Cabo de Gata - sekretny zakątek Andaluzji
Do San Jose można dostać się autobusem, który odjeżdża z dworca w Almerii, lub samochodem (wówczas trzeba cofnąć się z San Miguel de Cabo de Gata do drogi nr AL-3115 i podążać za znakami). Sam kurort ulokowany jest na wzgórzach, wokół niewielkiej zatoki. Tutejsza plaża jest długa i piaszczysta, a morze przy brzegu płytkie (bardzo szybko się nagrzewa) - m.in. z tego powodu wielu rodziców decyduje się przyjechać tu na wakacje z dziećmi. Tłoczno jest jednak tylko latem, a poza sezonem można w spokoju delektować się szumem fal.

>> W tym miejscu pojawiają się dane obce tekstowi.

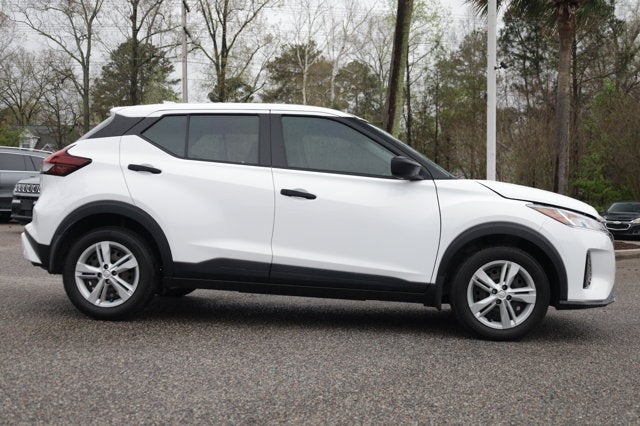 2024 Nissan Kicks S Xtronic CVT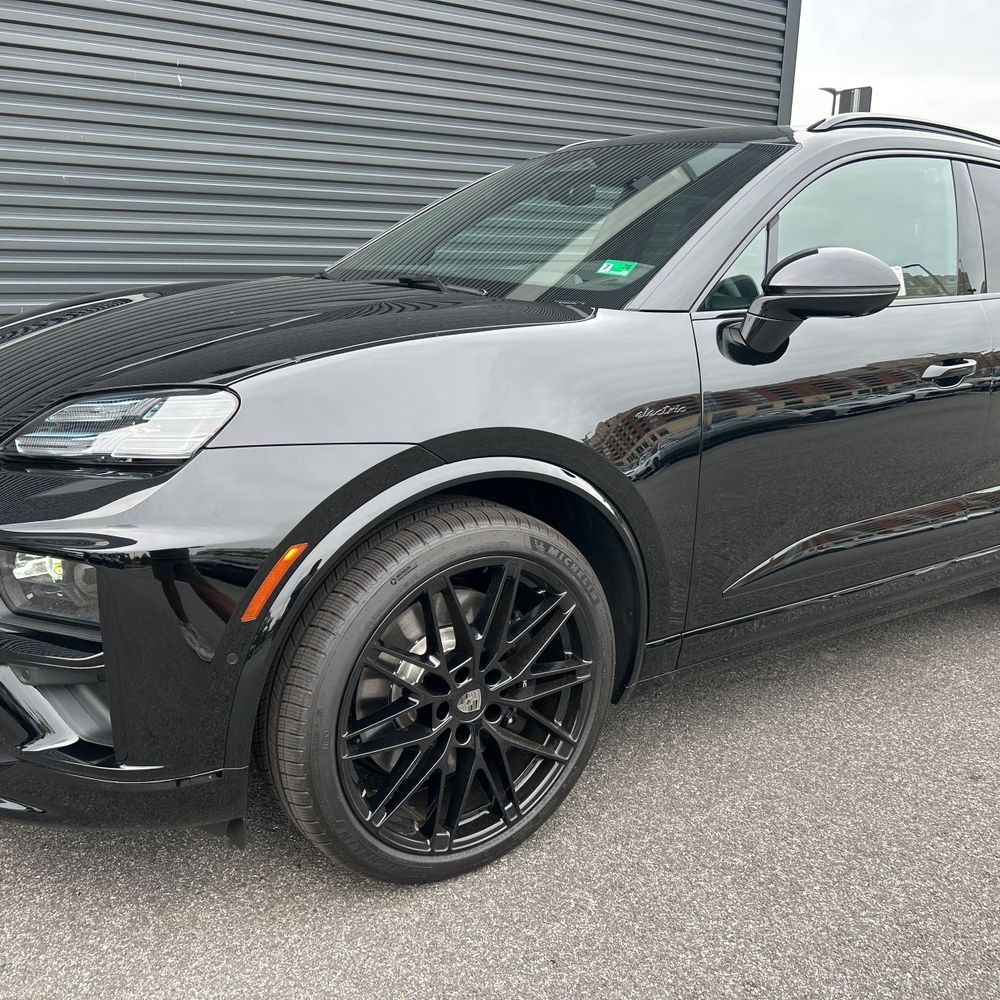 2025 Porsche Macan EV Turbo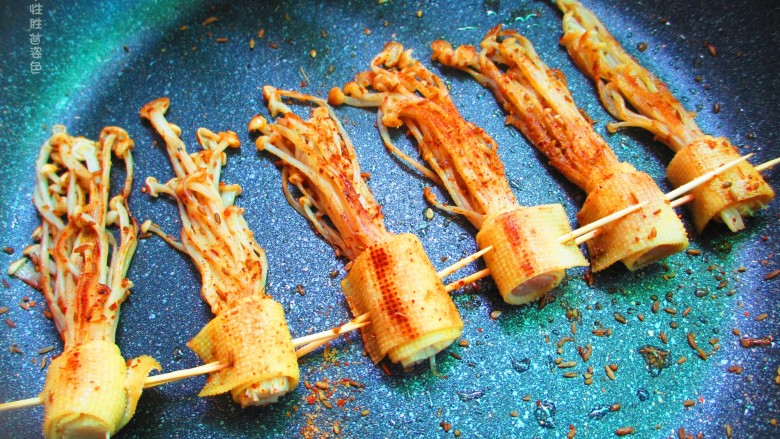 豆皮卷金针菇,我的公众号:个性胜过姿色，关注后，在做菜过程中有任何疑问，都可以咨询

Serce miasta wyznacza Avenida de San Jose, na której znajdują się bankomaty, budki telefoniczne, internet i średnio pomocne biuro informacji turystycznej. Miejscowość nie oferuje zbyt wielu atrakcji, z wyjątkiem restauracji, kilku sklepów z pamiątkami i weekendowych straganów na Paseo Maritimo. Za to za miastem leżą dwie - zdaniem niektórych najlepsze na całym Cabo de Gata *- dzikie plaże: oddalona o 4,5 km od miasta *Playa de los Genoveses i położona 2,5 km za nią Playa de Monsul. W sezonie na obie można dostać się autobusem odjeżdżającym spod biura informacji turystycznej w San Jose. W miesiącach zimowych będziemy niestety zdani na własne nogi lub samochód.

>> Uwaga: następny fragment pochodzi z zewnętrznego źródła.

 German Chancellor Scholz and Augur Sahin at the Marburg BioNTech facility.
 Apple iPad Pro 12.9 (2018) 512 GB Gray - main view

Cabo de Gata - sekretny zakątek Andaluzji
Dwa kilometry dalej, w małej zatoce, w sąsiedztwie wygasłych wulkanów, leży Isleta del Moro, bielona wioska z rybackimi tradycjami, zawdzięczająca swoją nazwę - a przynajmniej jej pierwszy człon - wyłaniającej się z morza stromej, skalistej wysepce, na którą wstęp mają tylko mewy. Życie płynie tu spokojnym, jednostajnym rytmem: większość mężczyzn wciąż żyje z rybołówstwa, a kobiety niezmiennie zbierają się na pranie i plotki na głównym placu, wokół zlewów i tar. O upływie czasu przypomina jedynie osiedle apartamentowców, które wyrosły tu ostatnimi laty na potrzeby letników.
Cabo de Gata - sekretny zakątek Andaluzji
Agua Amarga to drogi, ale ciągle raczej spokojny, mały kurort, z piaszczystą plażą, wyposażoną w natryski i inne udogodnienia, takie jak wypożyczalnia leżaków i _ chiringuito _ - drewniany kiosk z napojami. Nad miejscowością wznosi się wzgórze, na którym - oprócz spektakularnego widoku na całą zatokę - znajdują się ruiny Cargadero de Minerales, punktu, w którym w XIX w. załadowywano na statki minerały z kopalni w prowincji Almeria. Żeby tam dotrzeć, trzeba przejść 1 km szosą w stronę Carboneras, a potem skręcić w prawo, za różowym znakiem.
Cabo de Gata - sekretny zakątek Andaluzji
Przez wiele lat pilnie strzeżonym sekretem tych okolic była Playa de los Muertos (Plaża Umarłych). Z czasem jednak wiadomość o niej rozeszła się pocztą pantoflową na tyle skutecznie, że dzisiaj możemy oglądać zdjęcia tej plaży w spocie reklamowym Andaluzji. Mimo swojej sławy, Playa de los Muertos jest wciąż dzika, dlatego nie ma na niej żadnych udogodnień, a ludzie są raczej beztroscy - normalnym widokiem są tu naturyści z psami. Plaża jest pokryta drobnymi kamyczkami i omywa ją przejrzysta, lazurowa woda, w której dojrzeć można ławice małych rybek i inne morskie żyjątka. Podobno jeszcze kilka lat temu pełno tu było koników morskich, rozgwiazd i wielkich morskich ślimaków, które jednak wyginęły z powodu wpuszczanych do wody zanieczyszczeń, powstałych na skutek mycia statków w pobliskiej przemysłowej miejscowości Carboneras. Może się zdarzyć, że i my wybrudzimy sobie ręcznik kulką ropy wyrzuconej na brzeg.